[Short descriptive text snippets]
• • •
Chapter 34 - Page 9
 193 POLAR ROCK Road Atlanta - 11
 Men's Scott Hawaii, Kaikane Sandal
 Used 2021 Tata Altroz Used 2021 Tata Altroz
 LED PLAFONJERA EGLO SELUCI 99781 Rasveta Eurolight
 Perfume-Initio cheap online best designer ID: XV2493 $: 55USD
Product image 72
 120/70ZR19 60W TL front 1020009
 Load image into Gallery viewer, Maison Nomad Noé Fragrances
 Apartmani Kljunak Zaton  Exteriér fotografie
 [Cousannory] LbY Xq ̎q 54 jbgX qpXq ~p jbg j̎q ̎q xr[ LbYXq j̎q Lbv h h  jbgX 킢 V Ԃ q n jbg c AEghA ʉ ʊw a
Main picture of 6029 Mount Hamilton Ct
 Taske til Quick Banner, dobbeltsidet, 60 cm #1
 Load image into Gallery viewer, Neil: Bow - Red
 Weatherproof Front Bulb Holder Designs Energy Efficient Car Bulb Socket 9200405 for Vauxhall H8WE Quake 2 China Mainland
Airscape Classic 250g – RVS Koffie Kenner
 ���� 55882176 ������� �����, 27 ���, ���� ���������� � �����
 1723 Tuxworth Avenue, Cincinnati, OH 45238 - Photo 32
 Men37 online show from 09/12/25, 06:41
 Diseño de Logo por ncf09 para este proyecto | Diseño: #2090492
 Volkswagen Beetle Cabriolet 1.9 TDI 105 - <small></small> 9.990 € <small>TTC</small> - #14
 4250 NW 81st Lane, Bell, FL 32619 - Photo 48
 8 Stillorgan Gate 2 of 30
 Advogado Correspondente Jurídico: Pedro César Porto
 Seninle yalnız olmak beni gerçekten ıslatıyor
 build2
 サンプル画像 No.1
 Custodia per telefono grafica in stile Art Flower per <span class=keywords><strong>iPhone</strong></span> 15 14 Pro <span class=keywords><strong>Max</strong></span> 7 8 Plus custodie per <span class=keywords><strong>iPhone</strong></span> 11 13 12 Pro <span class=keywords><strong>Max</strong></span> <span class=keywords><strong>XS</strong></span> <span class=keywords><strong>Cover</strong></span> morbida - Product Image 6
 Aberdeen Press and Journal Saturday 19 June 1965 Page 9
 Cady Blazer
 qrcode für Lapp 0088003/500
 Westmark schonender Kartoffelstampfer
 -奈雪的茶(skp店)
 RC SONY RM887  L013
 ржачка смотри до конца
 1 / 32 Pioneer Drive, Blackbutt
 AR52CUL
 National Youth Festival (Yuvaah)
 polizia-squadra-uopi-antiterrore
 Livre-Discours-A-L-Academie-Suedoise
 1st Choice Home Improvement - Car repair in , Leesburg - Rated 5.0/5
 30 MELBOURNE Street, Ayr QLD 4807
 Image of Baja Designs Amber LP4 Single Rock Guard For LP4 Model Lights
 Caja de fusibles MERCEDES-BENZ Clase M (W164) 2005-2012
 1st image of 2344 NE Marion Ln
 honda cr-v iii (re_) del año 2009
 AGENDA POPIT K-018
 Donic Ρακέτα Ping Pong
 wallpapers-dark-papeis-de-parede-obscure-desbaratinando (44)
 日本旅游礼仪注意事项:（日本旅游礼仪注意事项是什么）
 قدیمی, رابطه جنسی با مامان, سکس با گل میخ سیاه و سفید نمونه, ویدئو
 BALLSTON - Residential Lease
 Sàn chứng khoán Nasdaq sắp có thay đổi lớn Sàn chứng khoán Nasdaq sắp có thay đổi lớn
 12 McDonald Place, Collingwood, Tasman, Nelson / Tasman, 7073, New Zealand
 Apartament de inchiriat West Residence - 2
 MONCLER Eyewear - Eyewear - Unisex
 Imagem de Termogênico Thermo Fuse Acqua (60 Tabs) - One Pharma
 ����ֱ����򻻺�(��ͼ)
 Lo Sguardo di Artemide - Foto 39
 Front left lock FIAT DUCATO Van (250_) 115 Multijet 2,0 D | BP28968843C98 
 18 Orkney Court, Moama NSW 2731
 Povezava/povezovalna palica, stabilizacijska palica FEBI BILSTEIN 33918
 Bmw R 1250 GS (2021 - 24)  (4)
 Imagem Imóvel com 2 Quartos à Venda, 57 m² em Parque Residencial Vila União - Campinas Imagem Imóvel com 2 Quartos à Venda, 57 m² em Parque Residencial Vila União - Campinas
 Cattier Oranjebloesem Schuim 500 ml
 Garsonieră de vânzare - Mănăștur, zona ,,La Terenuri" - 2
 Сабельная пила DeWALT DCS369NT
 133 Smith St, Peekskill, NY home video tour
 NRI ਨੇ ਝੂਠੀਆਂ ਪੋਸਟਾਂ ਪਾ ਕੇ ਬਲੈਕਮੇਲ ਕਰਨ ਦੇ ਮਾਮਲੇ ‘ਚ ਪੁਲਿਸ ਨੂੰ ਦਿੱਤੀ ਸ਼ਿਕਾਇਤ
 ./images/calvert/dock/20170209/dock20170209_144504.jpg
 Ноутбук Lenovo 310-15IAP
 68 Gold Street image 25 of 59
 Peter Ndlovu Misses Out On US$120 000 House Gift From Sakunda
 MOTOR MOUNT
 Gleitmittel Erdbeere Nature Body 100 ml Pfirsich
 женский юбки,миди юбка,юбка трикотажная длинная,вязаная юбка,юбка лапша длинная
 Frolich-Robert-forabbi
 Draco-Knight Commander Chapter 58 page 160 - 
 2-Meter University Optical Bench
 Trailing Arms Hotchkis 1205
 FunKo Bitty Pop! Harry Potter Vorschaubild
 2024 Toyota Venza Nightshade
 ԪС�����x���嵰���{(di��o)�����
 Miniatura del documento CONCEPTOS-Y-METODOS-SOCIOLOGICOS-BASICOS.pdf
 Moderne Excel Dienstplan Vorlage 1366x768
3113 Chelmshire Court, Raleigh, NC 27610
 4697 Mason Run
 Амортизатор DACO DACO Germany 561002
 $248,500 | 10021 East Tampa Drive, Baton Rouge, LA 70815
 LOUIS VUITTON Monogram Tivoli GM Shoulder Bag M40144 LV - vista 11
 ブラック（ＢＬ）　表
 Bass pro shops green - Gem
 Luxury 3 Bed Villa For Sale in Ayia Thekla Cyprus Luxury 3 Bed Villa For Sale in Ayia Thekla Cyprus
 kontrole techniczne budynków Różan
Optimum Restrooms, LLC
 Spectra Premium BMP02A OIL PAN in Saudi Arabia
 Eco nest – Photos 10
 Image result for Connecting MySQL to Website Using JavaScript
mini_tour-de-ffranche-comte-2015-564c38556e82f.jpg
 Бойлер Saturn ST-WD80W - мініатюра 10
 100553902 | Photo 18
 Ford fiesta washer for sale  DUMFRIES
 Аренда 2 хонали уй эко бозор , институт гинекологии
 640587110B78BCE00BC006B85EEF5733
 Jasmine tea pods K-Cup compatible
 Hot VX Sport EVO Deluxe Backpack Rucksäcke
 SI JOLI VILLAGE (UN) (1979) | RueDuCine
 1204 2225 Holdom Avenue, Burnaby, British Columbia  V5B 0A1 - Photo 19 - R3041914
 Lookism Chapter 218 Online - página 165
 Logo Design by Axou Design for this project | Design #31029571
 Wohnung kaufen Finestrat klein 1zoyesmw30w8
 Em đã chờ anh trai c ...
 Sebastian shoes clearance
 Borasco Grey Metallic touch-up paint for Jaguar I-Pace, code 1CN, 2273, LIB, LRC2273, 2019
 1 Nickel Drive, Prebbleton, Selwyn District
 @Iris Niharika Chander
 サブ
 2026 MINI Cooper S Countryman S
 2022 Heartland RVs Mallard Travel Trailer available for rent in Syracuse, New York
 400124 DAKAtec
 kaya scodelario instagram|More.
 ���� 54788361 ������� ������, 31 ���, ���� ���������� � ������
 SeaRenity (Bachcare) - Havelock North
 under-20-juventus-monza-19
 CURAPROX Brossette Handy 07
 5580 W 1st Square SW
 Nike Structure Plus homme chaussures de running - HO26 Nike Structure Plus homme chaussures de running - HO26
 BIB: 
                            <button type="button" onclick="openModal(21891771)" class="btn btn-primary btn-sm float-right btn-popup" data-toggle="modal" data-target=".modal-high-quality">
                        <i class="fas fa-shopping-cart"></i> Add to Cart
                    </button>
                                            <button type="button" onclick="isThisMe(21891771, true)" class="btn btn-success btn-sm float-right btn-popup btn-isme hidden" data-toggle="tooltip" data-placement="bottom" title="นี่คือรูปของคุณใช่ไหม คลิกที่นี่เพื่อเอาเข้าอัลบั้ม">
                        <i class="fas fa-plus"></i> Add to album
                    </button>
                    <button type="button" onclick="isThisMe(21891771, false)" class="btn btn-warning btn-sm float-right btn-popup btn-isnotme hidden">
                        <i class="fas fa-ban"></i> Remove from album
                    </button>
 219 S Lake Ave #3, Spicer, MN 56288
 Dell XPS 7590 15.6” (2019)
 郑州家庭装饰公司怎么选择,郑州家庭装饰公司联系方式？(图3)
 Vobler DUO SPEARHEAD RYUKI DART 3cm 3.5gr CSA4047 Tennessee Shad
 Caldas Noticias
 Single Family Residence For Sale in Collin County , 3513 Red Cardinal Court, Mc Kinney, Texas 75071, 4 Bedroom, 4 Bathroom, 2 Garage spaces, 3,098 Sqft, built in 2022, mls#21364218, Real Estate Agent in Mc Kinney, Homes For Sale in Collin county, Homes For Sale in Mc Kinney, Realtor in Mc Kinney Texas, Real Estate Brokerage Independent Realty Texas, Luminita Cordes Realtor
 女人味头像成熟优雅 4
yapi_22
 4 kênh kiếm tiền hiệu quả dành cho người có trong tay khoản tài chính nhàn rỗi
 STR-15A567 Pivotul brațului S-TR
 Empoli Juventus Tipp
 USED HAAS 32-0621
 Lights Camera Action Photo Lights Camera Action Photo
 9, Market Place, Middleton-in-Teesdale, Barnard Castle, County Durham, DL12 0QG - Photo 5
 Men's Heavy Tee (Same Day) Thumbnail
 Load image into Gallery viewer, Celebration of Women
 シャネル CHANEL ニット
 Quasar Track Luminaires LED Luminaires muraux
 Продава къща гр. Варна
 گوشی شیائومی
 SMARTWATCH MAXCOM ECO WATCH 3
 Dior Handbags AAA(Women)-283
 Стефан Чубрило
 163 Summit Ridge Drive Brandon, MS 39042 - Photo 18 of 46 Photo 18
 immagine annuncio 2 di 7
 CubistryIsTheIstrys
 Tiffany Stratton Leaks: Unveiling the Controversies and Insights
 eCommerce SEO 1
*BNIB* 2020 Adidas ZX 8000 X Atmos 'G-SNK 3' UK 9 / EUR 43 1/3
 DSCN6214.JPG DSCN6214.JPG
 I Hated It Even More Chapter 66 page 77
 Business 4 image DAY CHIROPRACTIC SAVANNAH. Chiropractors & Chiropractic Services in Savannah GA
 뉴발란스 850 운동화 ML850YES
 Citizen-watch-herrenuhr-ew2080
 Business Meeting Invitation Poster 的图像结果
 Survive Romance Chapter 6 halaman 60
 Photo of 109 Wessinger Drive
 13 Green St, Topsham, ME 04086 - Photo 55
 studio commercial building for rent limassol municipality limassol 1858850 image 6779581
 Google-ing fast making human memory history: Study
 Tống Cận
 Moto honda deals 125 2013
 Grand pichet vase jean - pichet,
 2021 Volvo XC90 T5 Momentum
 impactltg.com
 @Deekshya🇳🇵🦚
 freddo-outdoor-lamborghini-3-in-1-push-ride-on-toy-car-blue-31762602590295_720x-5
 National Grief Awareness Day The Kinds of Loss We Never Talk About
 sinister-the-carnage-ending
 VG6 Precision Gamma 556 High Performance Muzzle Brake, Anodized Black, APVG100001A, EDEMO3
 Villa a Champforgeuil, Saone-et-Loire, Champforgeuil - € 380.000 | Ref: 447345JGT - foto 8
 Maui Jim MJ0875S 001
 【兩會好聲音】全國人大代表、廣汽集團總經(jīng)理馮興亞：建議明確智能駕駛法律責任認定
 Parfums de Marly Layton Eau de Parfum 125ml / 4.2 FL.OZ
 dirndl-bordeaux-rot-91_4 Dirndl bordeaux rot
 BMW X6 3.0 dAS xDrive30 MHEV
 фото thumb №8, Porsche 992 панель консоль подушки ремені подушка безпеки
• • •
PROBLEM DETAILS: Up to and including the line with "Airscape Classic 250g – RVS Koffie Kenner", repeat the data exactly, starting from its first line; nothing else belongs in the response.

ANSWER TO THIS EXERCISE:
Chapter 34 - Page 9
 193 POLAR ROCK Road Atlanta - 11
 Men's Scott Hawaii, Kaikane Sandal
 Used 2021 Tata Altroz Used 2021 Tata Altroz
 LED PLAFONJERA EGLO SELUCI 99781 Rasveta Eurolight
 Perfume-Initio cheap online best designer ID: XV2493 $: 55USD
Product image 72
 120/70ZR19 60W TL front 1020009
 Load image into Gallery viewer, Maison Nomad Noé Fragrances
 Apartmani Kljunak Zaton  Exteriér fotografie
 [Cousannory] LbY Xq ̎q 54 jbgX qpXq ~p jbg j̎q ̎q xr[ LbYXq j̎q Lbv h h  jbgX 킢 V Ԃ q n jbg c AEghA ʉ ʊw a
Main picture of 6029 Mount Hamilton Ct
 Taske til Quick Banner, dobbeltsidet, 60 cm #1
 Load image into Gallery viewer, Neil: Bow - Red
 Weatherproof Front Bulb Holder Designs Energy Efficient Car Bulb Socket 9200405 for Vauxhall H8WE Quake 2 China Mainland
Airscape Classic 250g – RVS Koffie Kenner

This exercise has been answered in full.